LMDeploy SSRF Exploited 12 Hours After Disclosure
CVE-2026-33626 in LMDeploy AI toolkit was weaponized within 12 hours of publication, targeting AWS credentials and internal services. Patch to v0.12.3 immediately.
Attackers needed just 12 hours and 31 minutes to weaponize a critical vulnerability in LMDeploy, a toolkit for deploying large language models developed by Shanghai AI Laboratory. Sysdig researchers observed active exploitation beginning April 22, 2026 at 03:35 UTC—barely half a day after the security advisory went public.
The vulnerability, tracked as CVE-2026-33626, is a Server-Side Request Forgery (SSRF) flaw in LMDeploy's vision-language image loading functionality. It carries a CVSS score of 7.5 (High) and affects all versions prior to 0.12.3.
The Root Cause
The flaw exists in the load_image() function within lmdeploy/vl/utils.py. When processing vision-language model requests, the function fetches image URLs from API requests without validating whether they point to internal or private network addresses. Attackers can force the server to request arbitrary URLs—including cloud metadata services, internal databases, and administrative interfaces—and return their contents.
The absence of scheme or host validation means no protection exists against link-local addresses (169.254.0.0/16), loopback (127.0.0.0/8), or RFC 1918 private ranges. Any attacker who can send a chat completion request to an exposed LMDeploy instance can access internal resources.
Observed Exploitation
Sysdig captured an 8-minute attack session demonstrating methodical reconnaissance:
Phase 1: AWS Credential Theft
The attacker targeted AWS Instance Metadata Service at 169.254.169.254/latest/meta-data/iam/security-credentials/, attempting to extract IAM credentials. A successful request here provides temporary access keys with whatever permissions the EC2 instance role allows.
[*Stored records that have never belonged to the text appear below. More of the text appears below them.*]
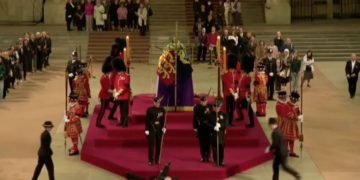 Shihni momentin kur rojes mbretërore i bie të fikët pranë arkivolit të Mbretëreshë Elizabeth (Video)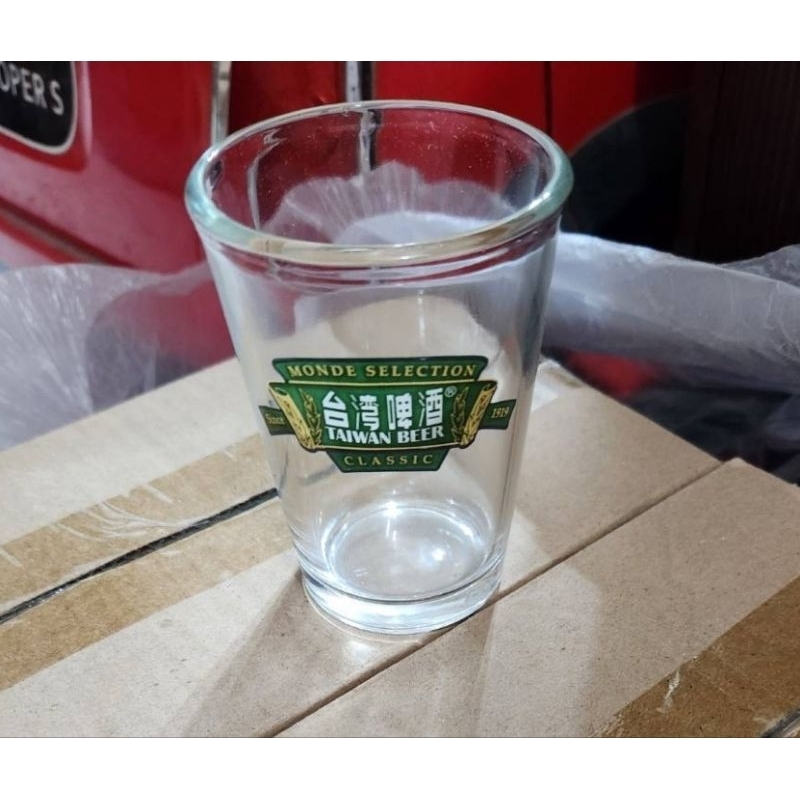 台灣啤酒杯有2種圖案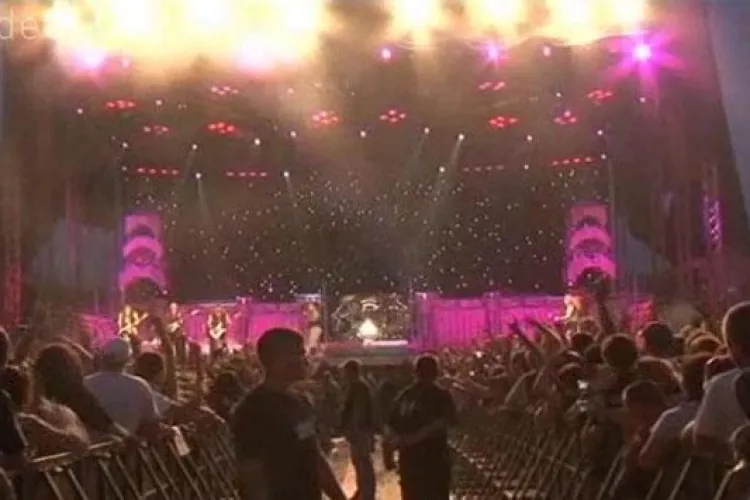 Caldura si alcoolul au facut probleme la concertul Iron Maiden 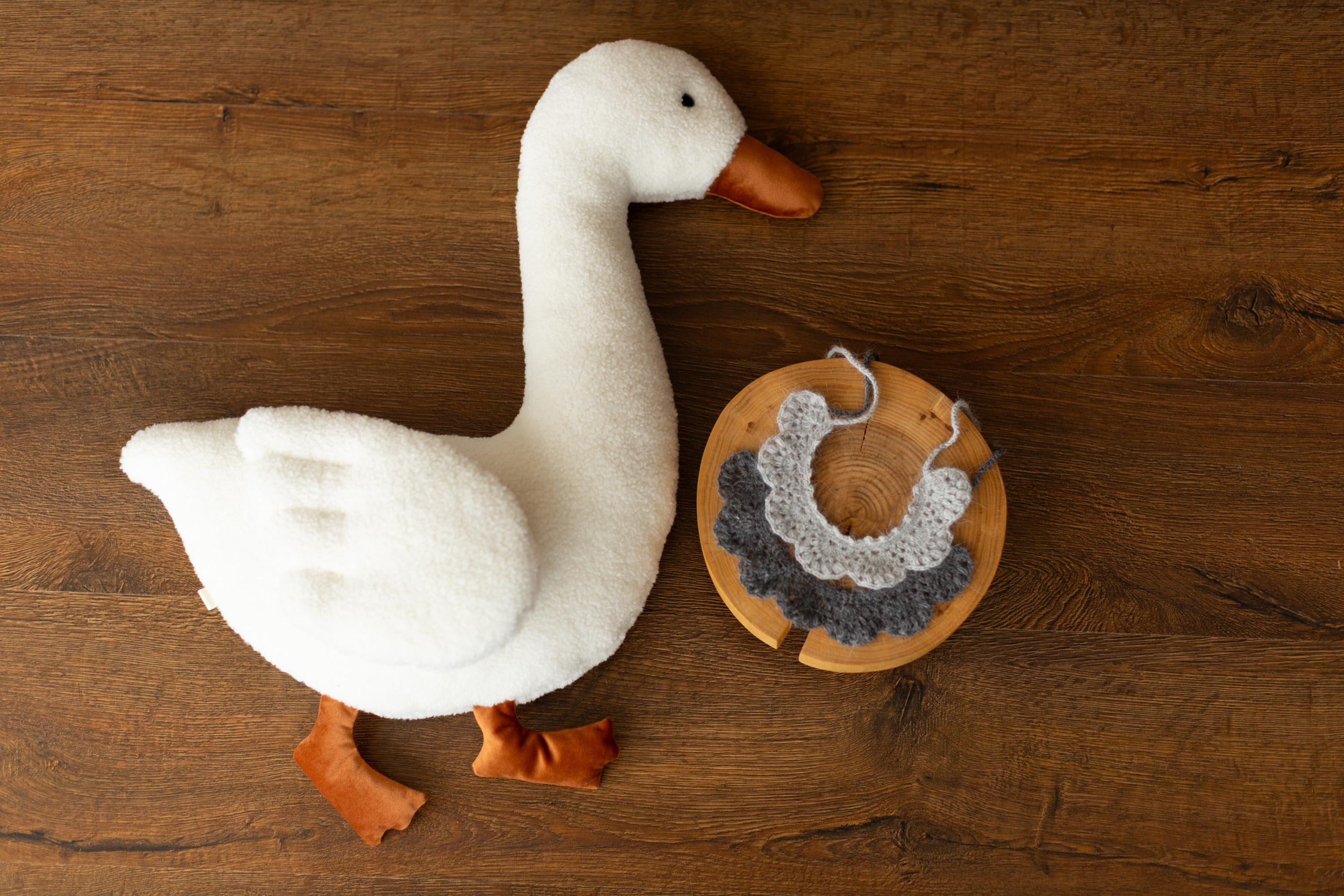 Newborn Goose Posing Toy, Newborn Animal Posing Pillow for Newborn Photography prop, Newborn Stuffed Animal Pillow, Baby Goose Pillow Toy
Phase 2: Connectivity Confirmation
Using an out-of-band DNS callback to cw2mhnbd.requestrepo.com, the attacker confirmed egress capability before enumerating API endpoints via /openapi.json.
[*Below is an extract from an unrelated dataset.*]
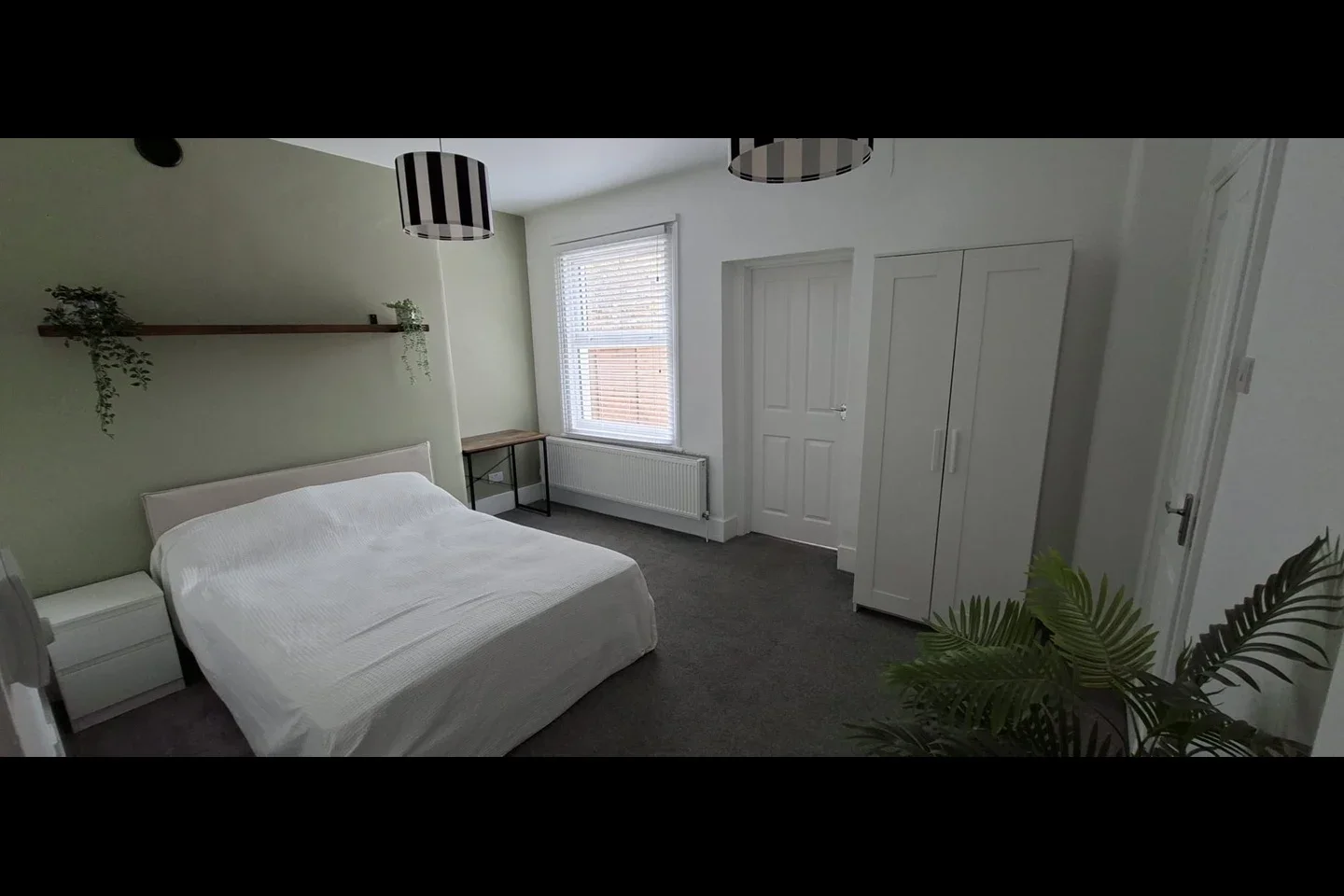 Flat Elmbourne Road in Greater London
Phase 3: Internal Service Discovery The attacker probed localhost ports systematically:
- Port 6379 (Redis)
- Port 3306 (MySQL)
- Port 8080 (administrative interfaces)
- Port 80 (web services)
The traffic originated from IP 103.116.72.119, associated with Hong Kong-based ASN 400618 (Prime Security Corp.). This type of systematic probing is typical of initial access operations—gather credentials, map internal services, and prepare for deeper compromise.
Who's Affected
Any organization running LMDeploy versions prior to 0.12.3 with exposed API endpoints is vulnerable. The toolkit is popular for serving vision-language and text LLMs, particularly in:
- AI research environments
- Production ML inference pipelines
- Cloud-hosted model serving infrastructure
The risk is highest for cloud deployments where IMDS access could expose IAM credentials. Organizations running LMDeploy on AWS, GCP, or Azure should treat this as an emergency patch.
Immediate Actions
- Update to LMDeploy v0.12.3 - The patched version adds URL validation
- Enforce IMDSv2 - Set
httpTokens=requiredandhttpPutResponseHopLimit=1on EC2 instances - Rotate credentials - Any IAM roles on affected deployments should have credentials rotated
- Restrict egress - Limit VPC/security group egress to only necessary endpoints (S3, GCS, logging)
- Bind internal services - Ensure Redis and MySQL listen only on private interfaces with authentication
Detection Rules
Sysdig recommends deploying Falco rules to detect SSRF attempts:
- "Contact EC2 Instance Metadata Service From Container"
- "Contact GCP Instance Metadata Service From Container"
- Cloud-provider variants for Azure and ECS/Fargate
Network monitoring should alert on connections to link-local, RFC 1918, or loopback addresses from inference processes.
Why This Matters
Twelve hours from advisory to exploitation is aggressive but not surprising. The vulnerability requires no authentication, no proof-of-concept code, and affects a tool deployed widely in AI infrastructure. Attackers understand that ML teams often prioritize model performance over infrastructure security—and that AI workloads frequently run with overly permissive cloud credentials.
This follows a pattern we've seen in other critical vulnerabilities affecting developer tools. As AI tooling proliferates, security teams need visibility into what's running in their ML pipelines. You can't patch what you don't know exists.
For organizations building with LLM infrastructure, this incident reinforces why defense-in-depth matters. Even if you'd patched within 24 hours—faster than most organizations manage—you'd have been vulnerable during the exploitation window. Network segmentation, credential scoping, and runtime monitoring remain essential regardless of patch velocity.